Entiendo entonces que la experiencia
estética que nos brindan sus obras, lejos de generar un aclamado ‘oh’ de
admiración, debería situarnos en la frontera misma de nuestro maquínica y siniestra
existencia. Claro está (y espero que nadie se pierdan en este bucle de
inversiones ideológicas) que la imposibilidad de situarnos en tal frontera es
cosa de la propia ideología: camelando el pavor por deseo, la mirada de ese
Gran Otro nos seduce más que nos aterra. Muy poco por tanto han cambiado las
cosas desde que san Pablo escribiera
a los filipenses: si el gran converso invita a los discípulos a “trabajad con
temor y temblor por vuestra salvación” –el
temor y el temblor causado por estar bajo la mirada secreta de Dios–, ahora, nosotros también, vivimos
bajo un constante temor y temblor en relación a otra mirada, la del Gran Ojo.

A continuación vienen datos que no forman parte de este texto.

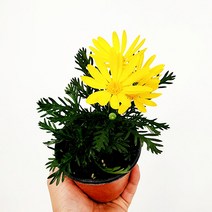 꽃나무팜 유리호프스 유리홉스 유리오프스 소품 야생화 봄꽃 노란꽃 꽃식물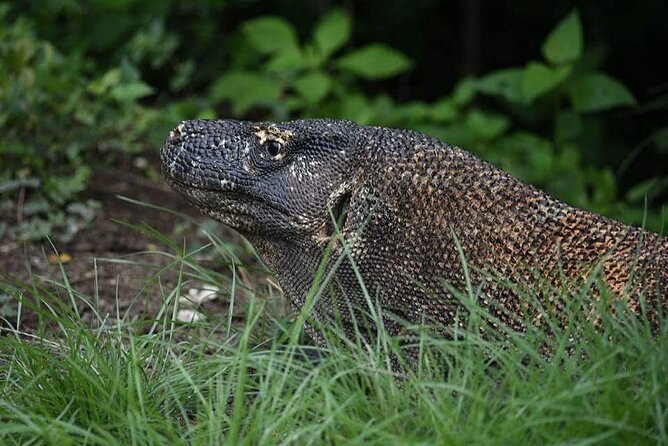 Komodo Private Boat tour 3Days 2 Night - Booking advice and cancellation terms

Un gran temor por no ser ya reflejados en la pantalla-ideológica, un gran
temblor porque no seamos ya mirados por el Gran Ojo. Y es que la lógica del
espectáculo hace posible la inversión: simulamos desear ver pero, lo que de
verdad nos pone, es ser visto. Somos, en el fondo (o, mejor dicho, en la superficie mediática) grandes
pervertidos. Ese es, sin duda, el gran progreso desde la panosfera de Spinoza: que el deus sive natura no es sino nuestro más perverso y libidinal deseo
de despelotarnos en público, de quedar bajo la mirada del padre, de –en
definitiva– obedecer.
Es sintomático de esta interpretación
nuestra que el propio artista no se regodee en la noción buenista y bienpesante
de la interactividad, memez exponencial de un arte que se avergüenza de sí
mismo. Y es que la experimentación estética que propone no se limita a hacer al
espectador partícipe en el tener que pulsar un botoncito, poner la mano ahí o
mirar por no sé dónde. La interactividad tecnológica a la que da pie va en la
onda de generar un ámbito de indiscernibilidad donde la propia aclamación
sublime se confunde con una sensación siniestra de ser dominado. Es decir,
dominar para ser dominado; o, dicho en plata, sólo donde está lo que salva
crece también el peligro. De ser algo, y cómo él mismo se encarga de decir en
una reciente entrevista, es todo lo contrario a un ‘megalodemócrata’: su
llamada al espectador no va en la senda de producir un espacio de participación
festivalero, sino en someter la vertiente lúdica del arte a una
problematización que dé cuenta de nuestro destino monadológico como mancha
borrosa en el campo escópico de un Gran Todo.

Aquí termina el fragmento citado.